■ **Excerpted records**:
____________________

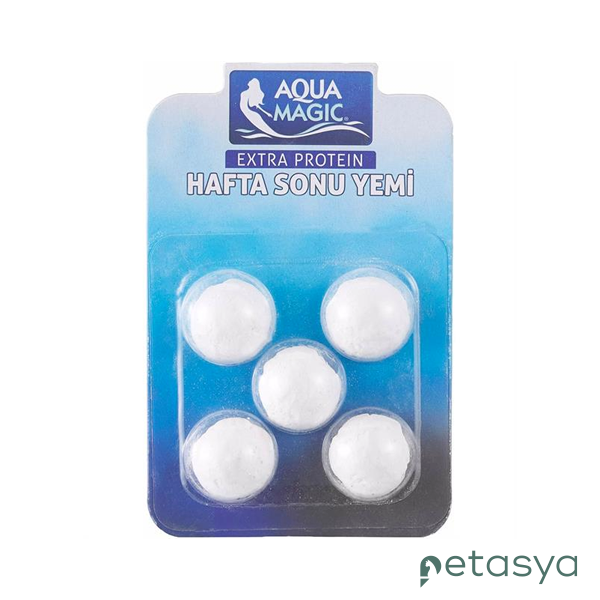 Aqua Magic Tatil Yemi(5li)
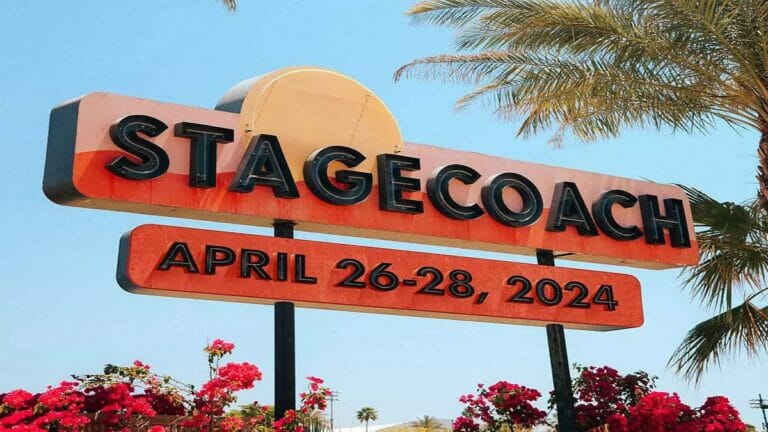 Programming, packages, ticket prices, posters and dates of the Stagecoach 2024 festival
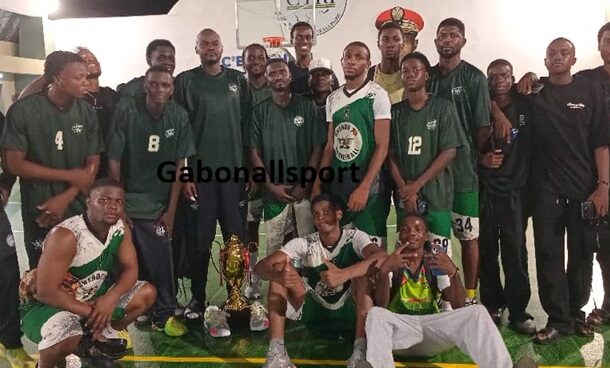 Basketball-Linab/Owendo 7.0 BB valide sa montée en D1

____________________

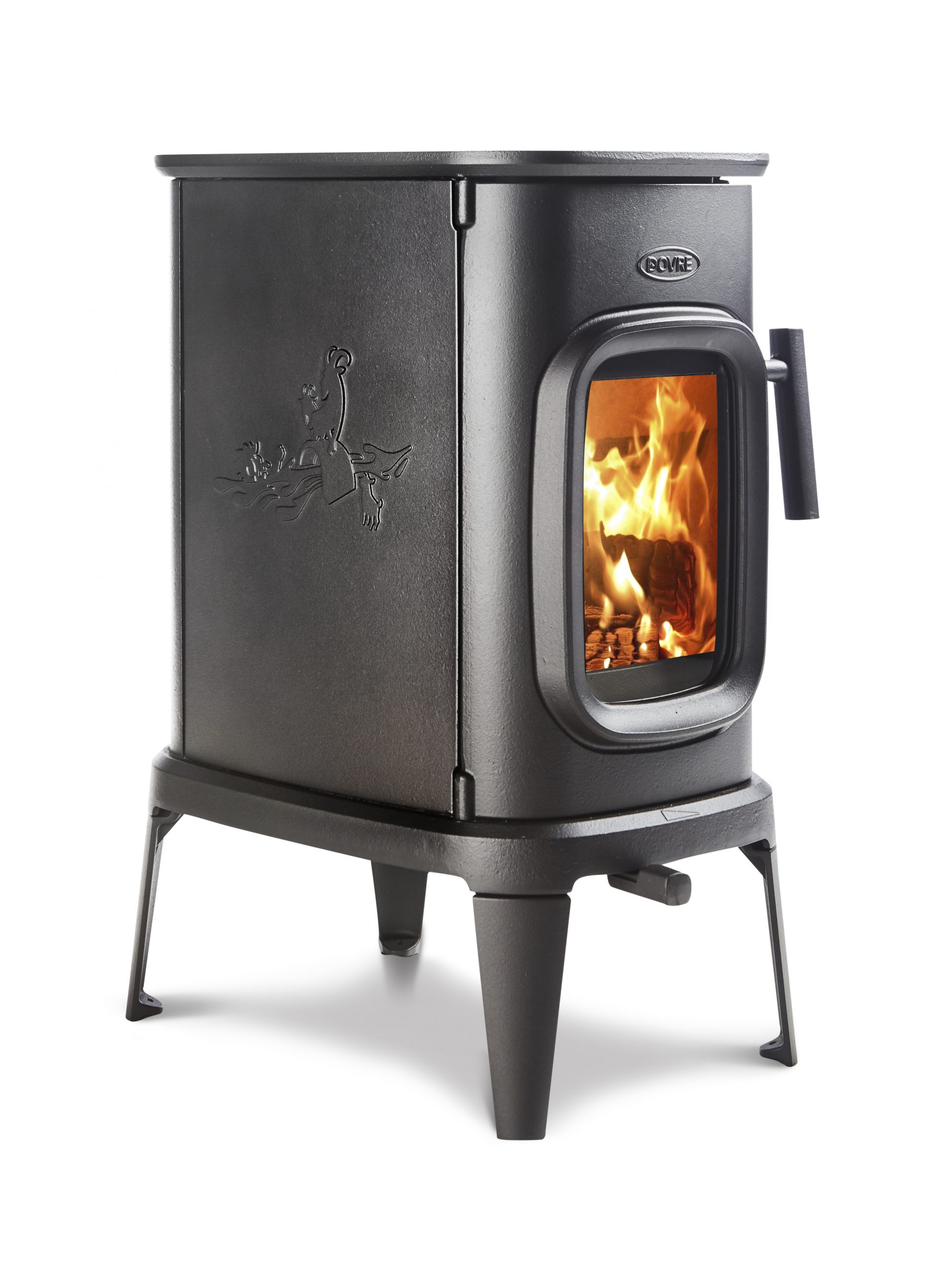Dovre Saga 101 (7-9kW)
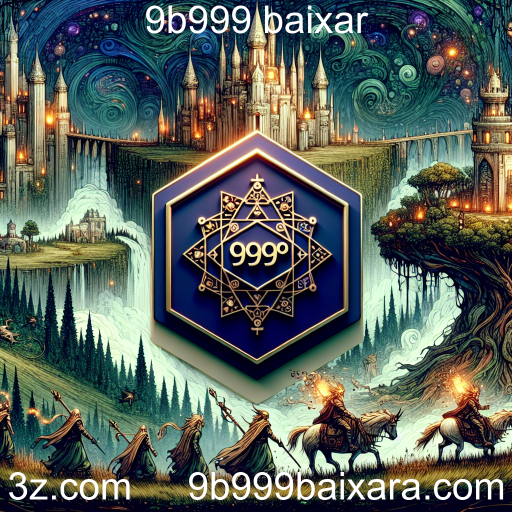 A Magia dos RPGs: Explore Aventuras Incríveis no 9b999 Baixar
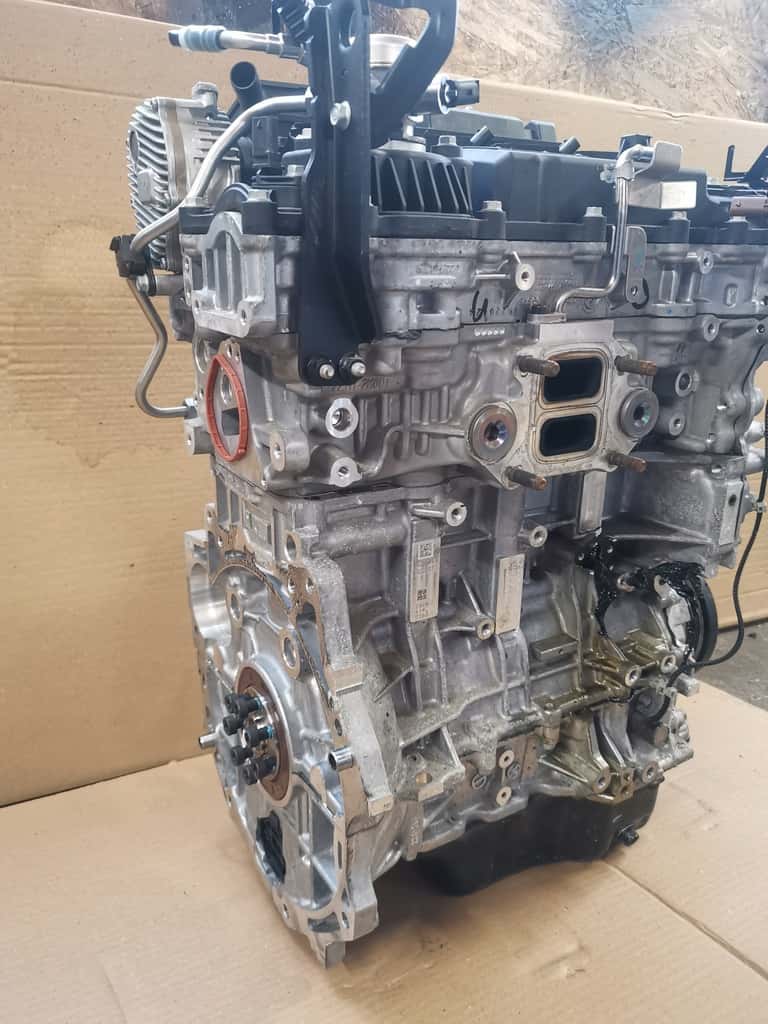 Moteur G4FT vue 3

____________________

■ **Work request**: Both boundary lines included, write out word for word only the lines above from the one containing "Dovre Saga 101 (7-9kW)" to the one containing "Moteur G4FT vue 3", leaving out any pictures.

■ **Expected output**:
Dovre Saga 101 (7-9kW)
 A Magia dos RPGs: Explore Aventuras Incríveis no 9b999 Baixar
 Moteur G4FT vue 3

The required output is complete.